Pictures stay out of the copy; output exactly the lines from the one containing "Bota Pandora" through the end of the material.
Collected material Start Marker
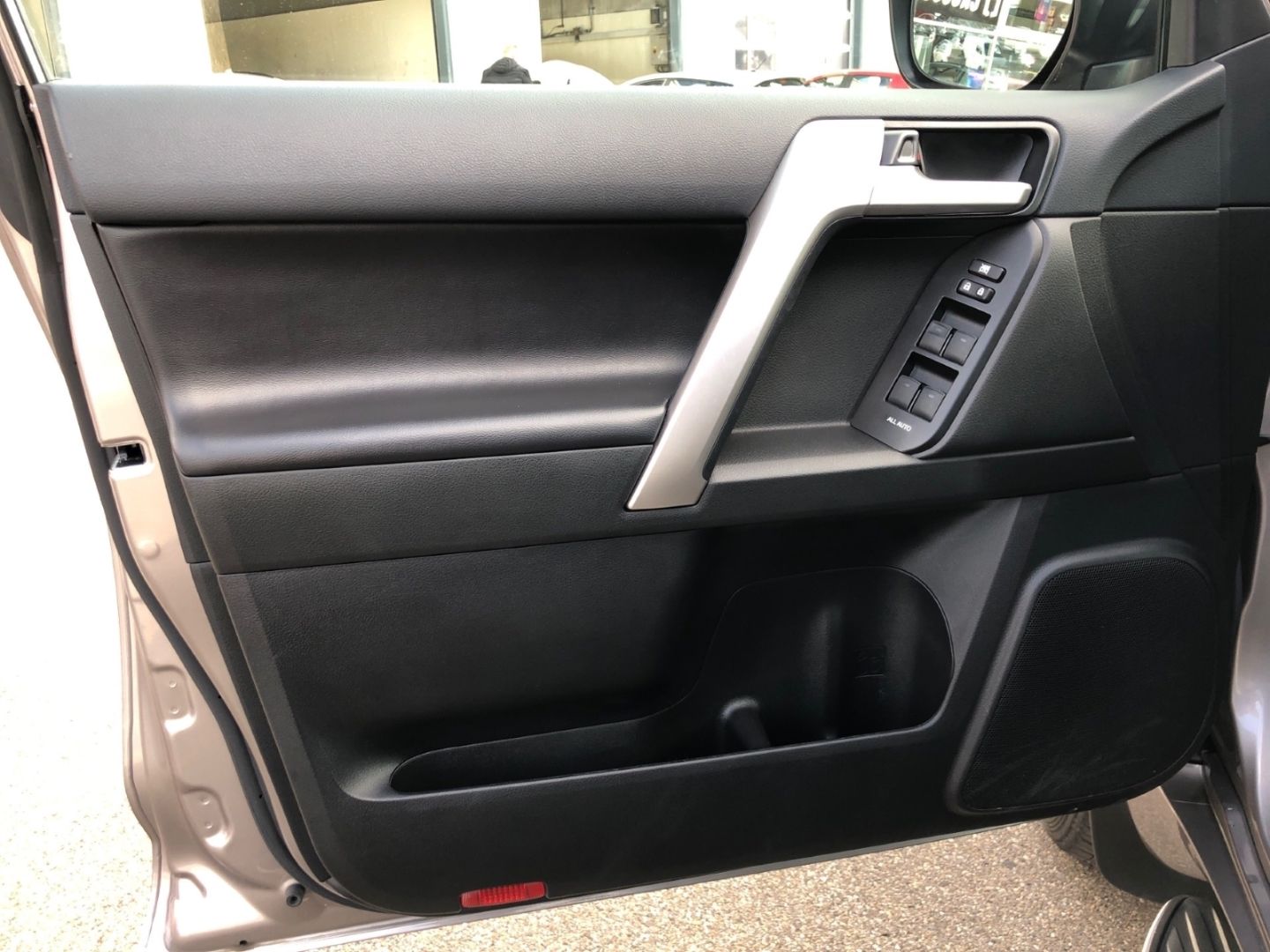 Toyota Land Cruiser 2.8 D-4D EXECUTIVE 4x4 Automatik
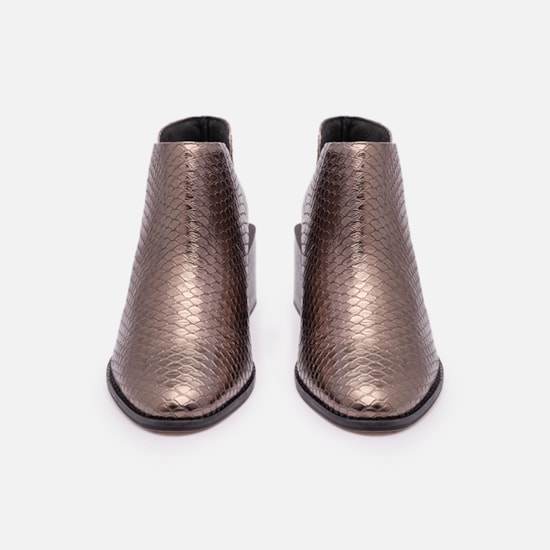 Bota Pandora
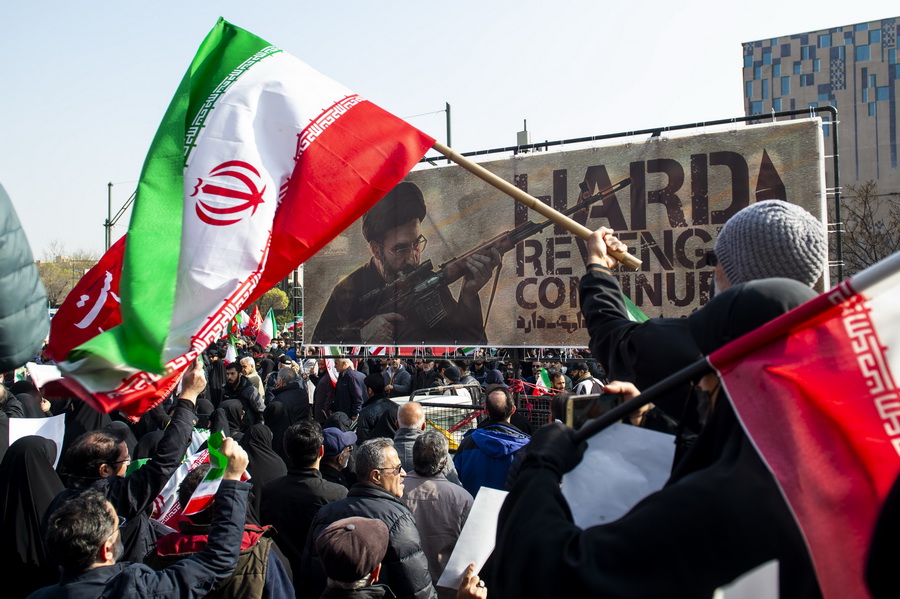 گزارش تصویری اختصاصی نورنیوز ازتشییع پیکر 35 شهید جنگ رمضان  در تهران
Collected material End Marker
* _Solution to this problem_
 Bota Pandora
 گزارش تصویری اختصاصی نورنیوز ازتشییع پیکر 35 شهید جنگ رمضان  در تهران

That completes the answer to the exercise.